Spreading the diversity message at all levels will likely deter a repeat of an ugly 1990 incident at Hallmark: Several minority Hallmarkers, mostly African-American men, were targets of anonymous hate mail delivered through the interoffice mail system. Hockaday issued a strong statement in Noon News immediately, promising a speedy dismissal for the culprit. Unfortunately, the sender was never found. "It's the kind of thing you hate to think would happen anywhere, but when it happens under your nose, it's absolutely horrifying," says Towse.
Counseling was made available to those who had received the hate mail, and Hallmark rallied to action. "It's almost like a case study of how a company responds to a crisis," says Towse. "The company responded exactly the way it needed to, but something like that always leaves permanent scars."
Yet the gains of diversity within Hallmark should help the healing. In the past few years, three women were promoted to corporate officer level; six women were promoted to senior management; two African Americans were promoted to senior management; and one African-American was promoted to vice president; the Board of Directors was expanded to include a woman from the creative community and a man of Hispanic heritage.
In addition, the company is addressing diversity among external groups it has dealings with. Its Ethnic Business Center creates products for African American and Jewish consumers. And its Minority and Women Supplier Development program is closing in on its 30th year. The program focuses on all suppliers to Hallmark-with the goal that 5% of total purchases be placed with minority suppliers.
Often, a team of Hallmarkers will work with the supplier to identify the challenging issues. If the supplier needs help developing a computer system, the team might get someone with an information technology background to help. The supplier program is personally championed by Donald Hall, who started the program himself 27 years ago. In addition, his son, David Hall, sits on the Corporate Diversity Council. In fact, it's the continued upper-level support of her department's efforts that Towse truly appreciates. "I don't know that everyone in my position has that kind of support. It's just unquestioned that the company is behind diversity."

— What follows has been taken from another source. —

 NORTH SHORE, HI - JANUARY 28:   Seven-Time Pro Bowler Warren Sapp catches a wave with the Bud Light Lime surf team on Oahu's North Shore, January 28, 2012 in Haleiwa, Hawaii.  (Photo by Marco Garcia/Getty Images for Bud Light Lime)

As far as continuing the complete cultural transformation required to support diversity 100%, Towse is proud of Hallmark's current status. She believes that by continually building awareness, a mass of change agents eventually surface, who each go out and make a difference in their own sphere of influence. "A process of cultural change doesn't come easy," she says. "It's like turning a very big ship. Hallmark historically has had a wonderful culture in so many ways, we feel we want to go at it with a laser, because there's so many things we don't want to change."
Towse highlights a concern that seems a common theme at Hallmark: How to keep growing and getting better, without sacrificing all the qualities that make it such a great place to work. But as far as conundrums go, this isn't such a bad one to have. How many companies can have so little to improve upon that they actually begin to worry about change negatively impacting the current culture?
"We're just lucky here," says Pylipow. "There's a sense of respect in the way we do business, and it's just a good place to work. Hallmark hopes to be a good example for other companies to follow in terms of really taking advantage of the relationship between the company and employees, and making it as mutually productive as possible. Then everybody wins."
Sounds almost good enough to be on a greeting card doesn't it?
Personnel Journal, March 1996, Vol. 75, No. 3, pp. 50-61.